Ma “contagio” non è una parola solo al negativo, anzi.
C’è un bacillo che m’ha sempre felicemente contagiato: è quello delle idee, quello culturale, quello che attecchendo cambia il soggetto arrivando a modificarne la visione del mondo.
Occupandomi di musica, che da sempre è fatta di contaminazioni, non posso che avere un rapporto contraddittorio con la parola “contagio”.
Alla fine degli anni 80 emergeva nel panorama musicale la cultura rave ed io, provenendo da una formazione di derivazione rock, provavo un certo fastidio per la musica puramente dance. Oggi sembra impossibile ma rock e dance all’epoca erano musiche agli antipodi, o si ascoltava il rock e le sue derivazioni (post punk, wave, indie..) oppure si era dell’altra parte e si sceglieva la disco music, la prima house.... Questa contrapposizione durò fino all’emergere di un suono che fu definito “contaminato”.

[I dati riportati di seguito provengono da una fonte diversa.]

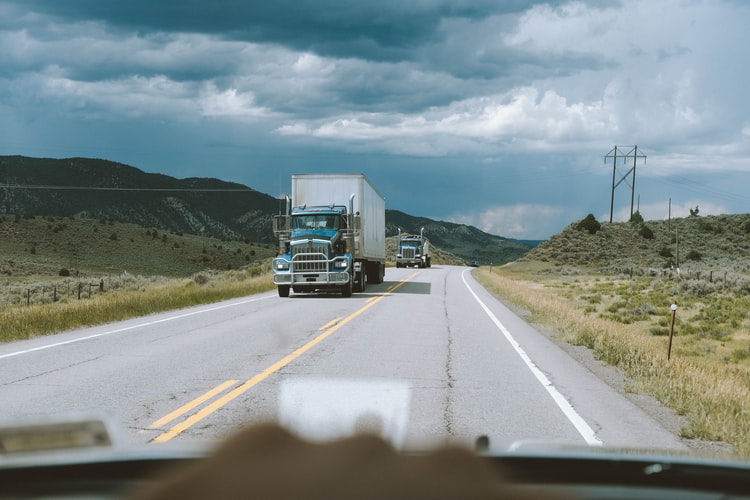 How to Find Local Truck Driving Jobs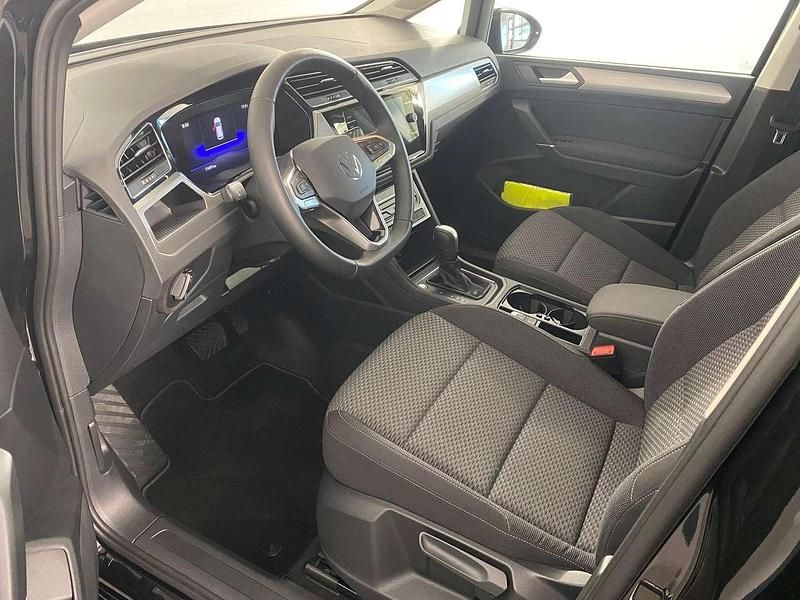 Gebraucht VW Touran Comfortline 150 PS (110 kW) 2025 Schwarz Van / Kleinbus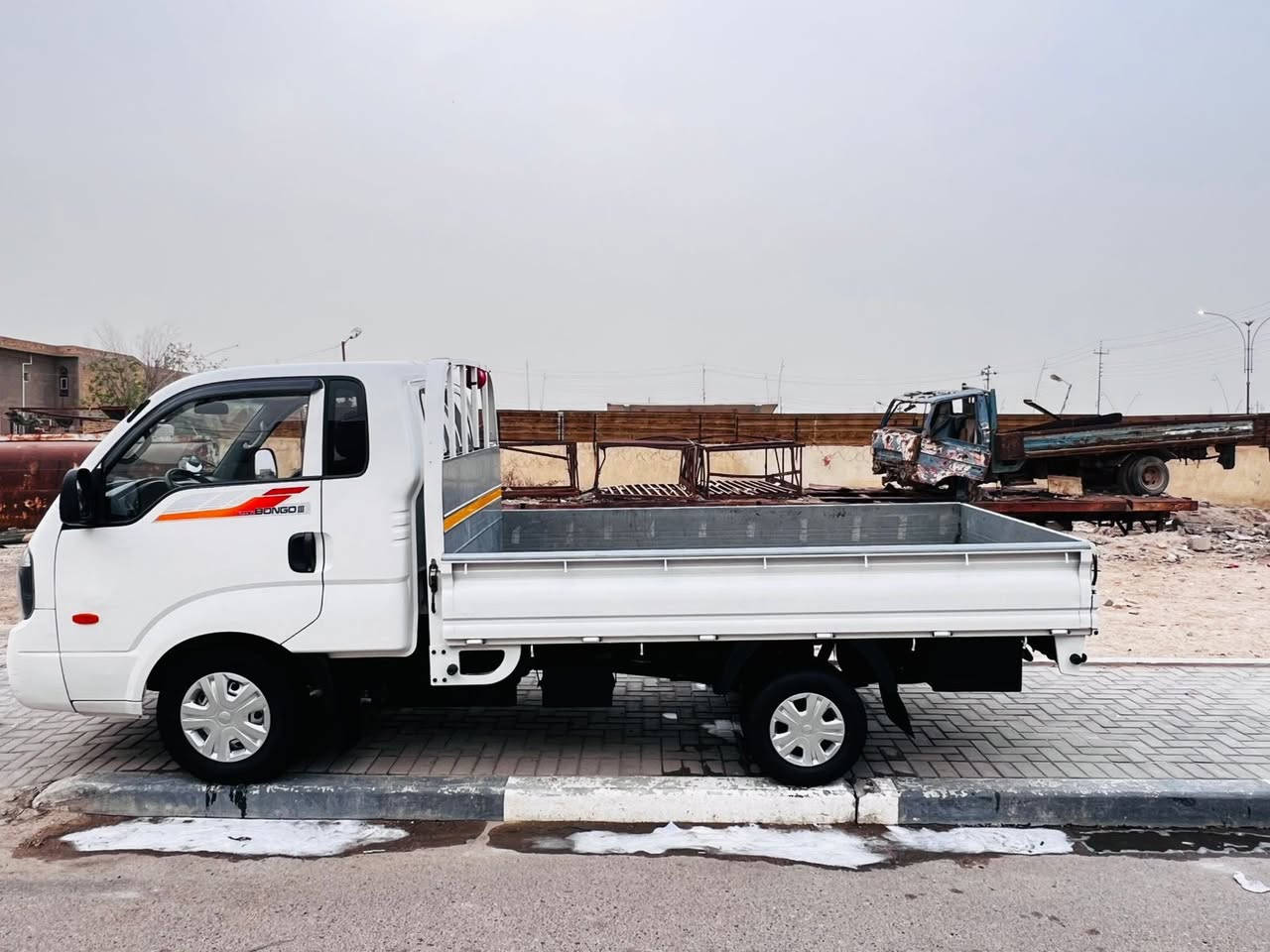 للبيع كيه مسكر مديل 19سياره جديده رقم بابل جديد السعر 135بيها مجال العنوان البصره ***********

Una band più di altre contribuì all’ascesa del crossover tra rock e dance e si chiamava Primal Scream. Successe che il gruppo di Bobby Gillespie chiese all’amico dj Andrew Weatherall di remixare il loro “I’m losing more than I’ll ever have”, un brano chiaramente influenzato dai Rolling Stones. Mantenendo le chitarre ritmiche, le improvvisazioni al pianoforte, gli interventi dei fiati e altri elementi dell’originale, Weatherall costruì un brano completamente nuovo. Ritmo funky pesante, campionamenti della voce di Peter Fonda dal film “I Selvaggi” che ripeteva “Vogliamo essere liberi, vogliamo essere carichi” , un titolo nuovo di zecca (Loaded) trasformarono il pezzo nel risultato migliore che la contaminazione di generi contrapposti potesse esprimere.

Da quel momento molti artisti pop e rock misero a disposizione in la scatola di montaggio dei loro brani per farli rimontare da dj e produttori in svariati modi.
E proliferò il mash-up: un modo di dire Creolo che ci parla di fare ibridazione, poltiglia, distruzione creatrice di nuovi incroci e contagi.
Molti musicisti iniziarono a considerare le loro opere non più fisse o immutabili, e cominciano a sperimentare il gusto di perdere il controllo su di esse per vederle divenire altro.
Col passare del tempo la disposizione al contagio è divenuta totale, la versione definitiva e unica di un brano non esiste più, ed è normale che un pezzo abbia svariate versioni.

Quello che Andrew Weatherall ha portato nella scena musicale è stato semplicemente rivoluzionario, perché ci ha fatto comprendere quanto sciocco fosse ragionare ancora per generi, per compartimenti stagni, e ci ha liberato dalla paura del contagio.